## Data extracts
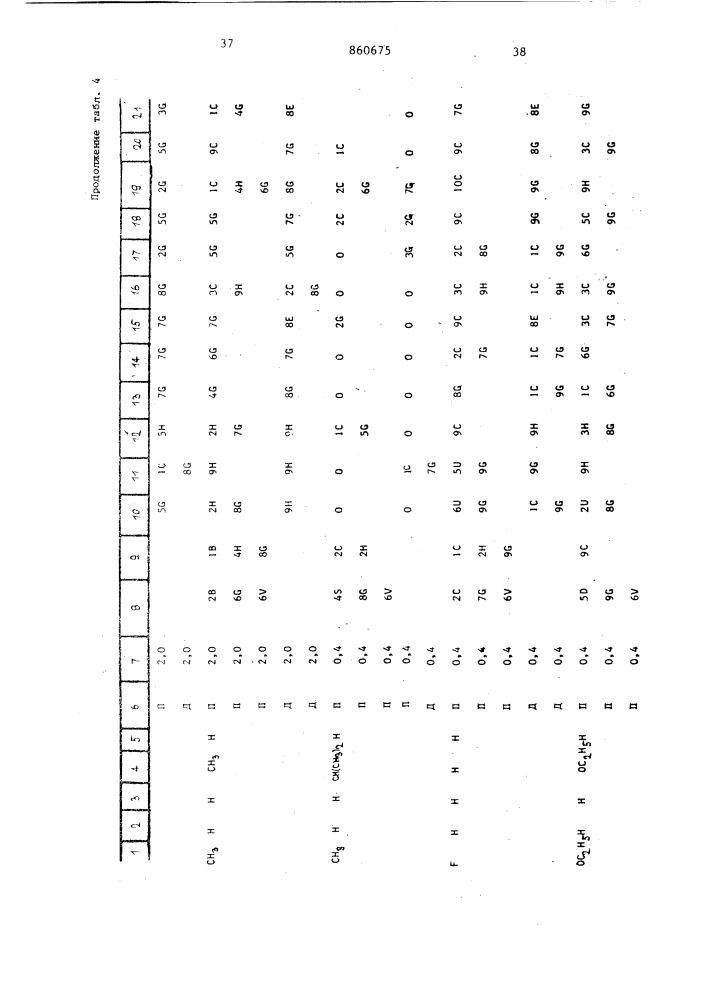 Гербицидный состав (патент 860675)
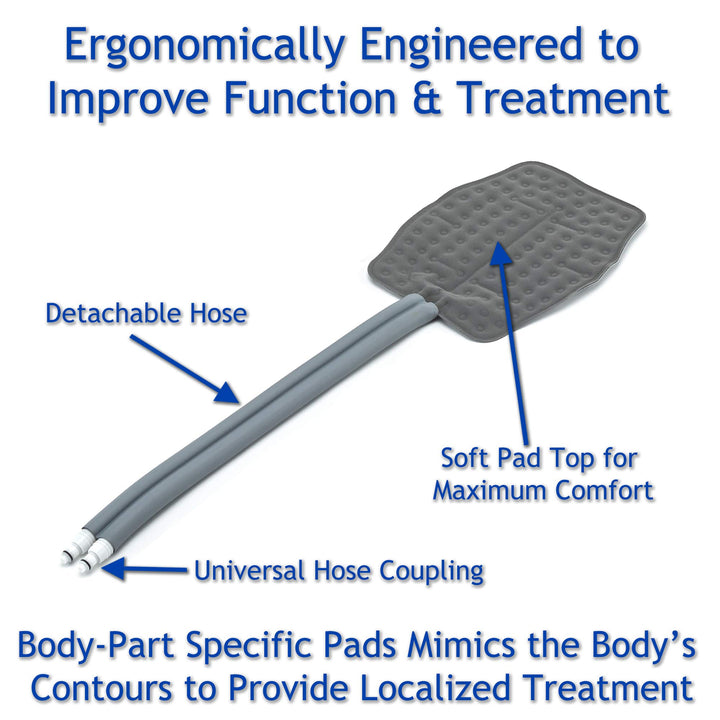 Cold Rush Therapy System (W/Lumbar Pad)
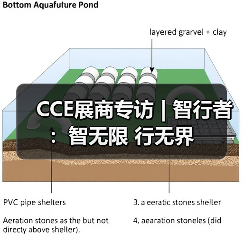 CCE展商专访 | 智行者：智无限 行无界（图1）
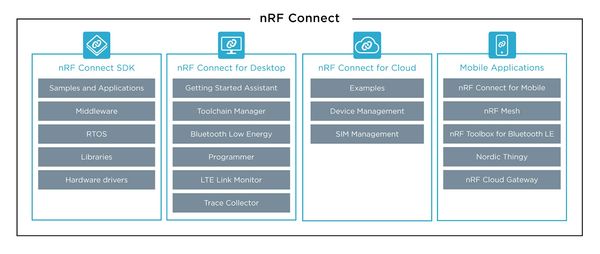 nRF Connect SDK是Nordic最新的SDK平台，该平台支持Nordic所有产品线的所有技术，包括BLE，AoA，NFC，蜂窝网与GPS，Wi-Fi，2.4G，蓝牙Mesh，Zigbee，Thread，Matter, Homekit, FindMy等。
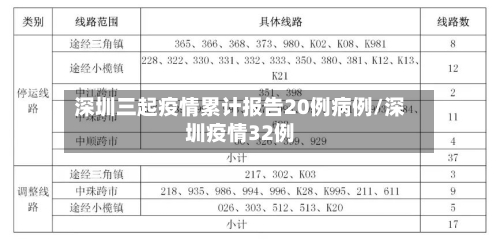 深圳三起疫情累计报告20例病例/深圳疫情32例-第2张图片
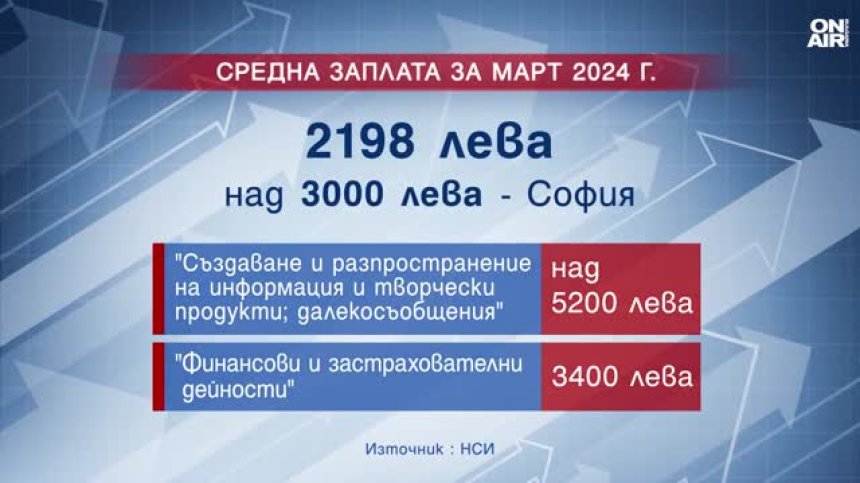 Печелим повече: Ръст на средната работна заплата до 2 198 лв.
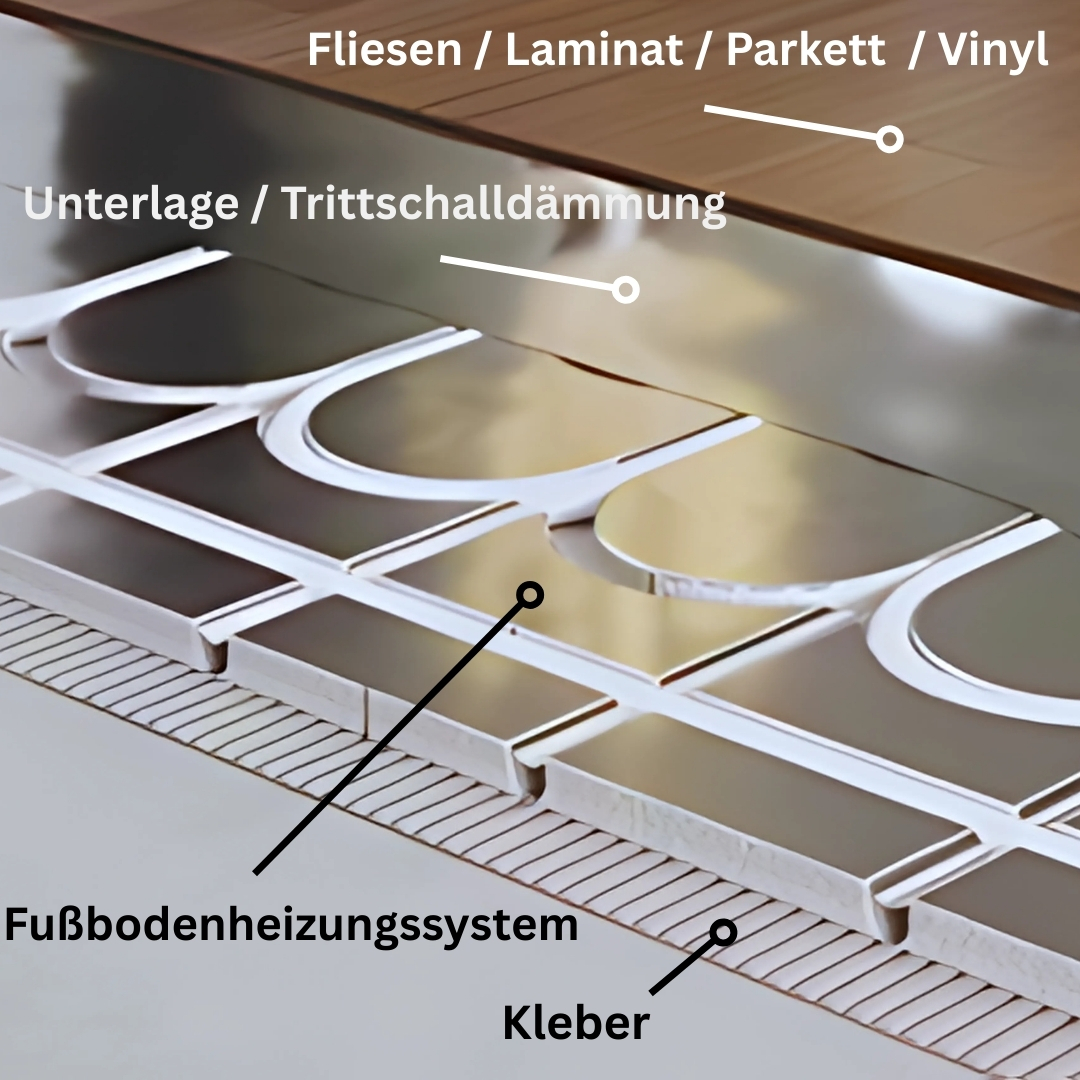 Fußbodenheizungsplatte EPS ALU flexibles Dreh-Element – Bild 4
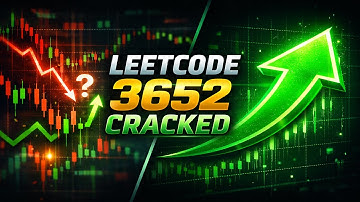 LeetCode 3652 Explained | Best Time to Buy and Sell Stock Using Strategy | FAANG Interview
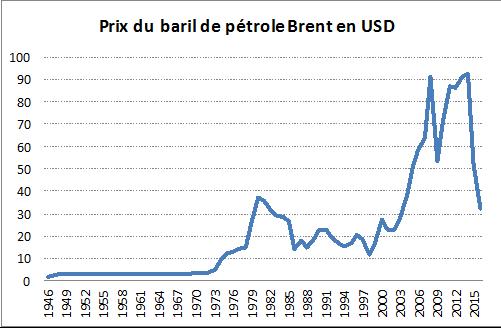 Prix du barile de pétrole Brent en USD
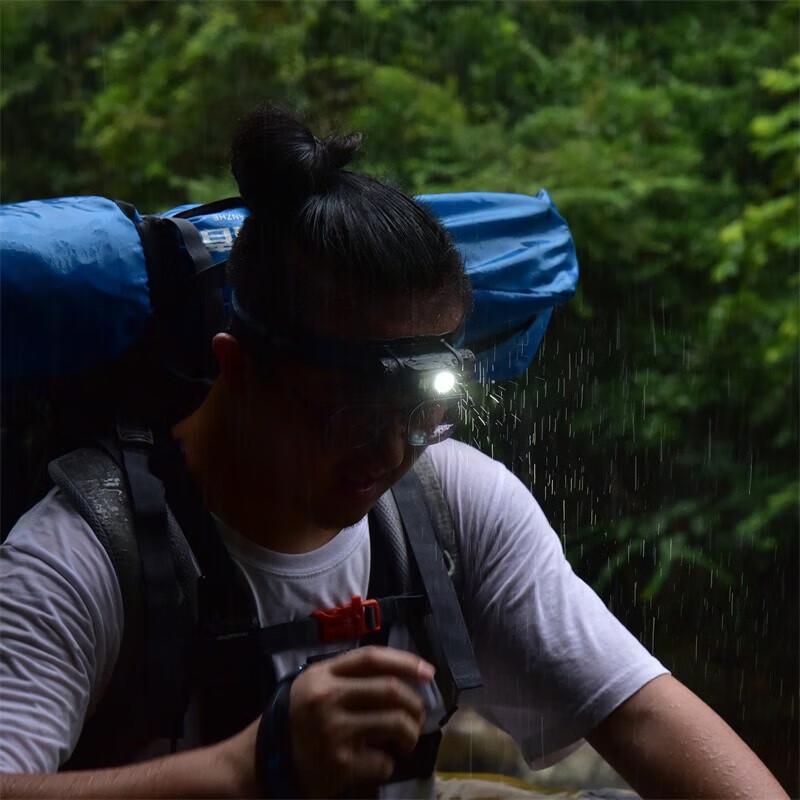 WUBEN Rechargeable Super Bright Headlamp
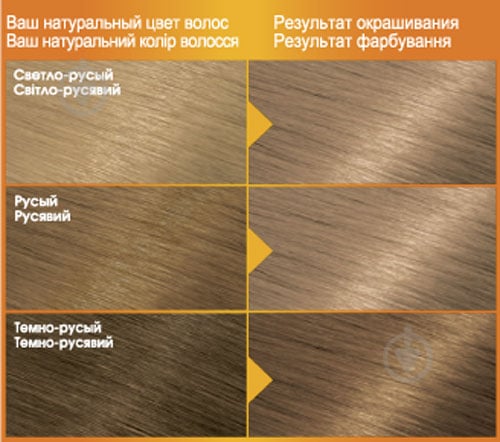 Крем-краска для волос Garnier Color Naturals №8.1 песчаный берег 110 мл - фото 3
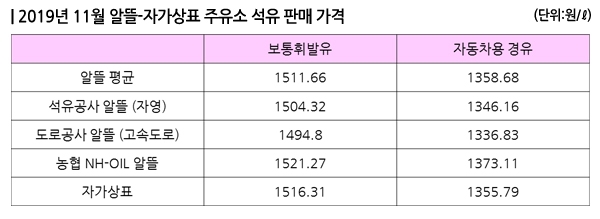 정부 지원 없고 각자도생 자가상표, 알뜰주유소 보다 저렴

## Activity
Skip the pictures and quote each line of the entries above, from the first through the line with "Печелим повече: Ръст", exactly as it appears.

## Task solution
 Гербицидный состав (патент 860675)
 Cold Rush Therapy System (W/Lumbar Pad)
 CCE展商专访 | 智行者：智无限 行无界（图1）
 nRF Connect SDK是Nordic最新的SDK平台，该平台支持Nordic所有产品线的所有技术，包括BLE，AoA，NFC，蜂窝网与GPS，Wi-Fi，2.4G，蓝牙Mesh，Zigbee，Thread，Matter, Homekit, FindMy等。
 深圳三起疫情累计报告20例病例/深圳疫情32例-第2张图片
 Печелим повече: Ръст на средната работна заплата до 2 198 лв.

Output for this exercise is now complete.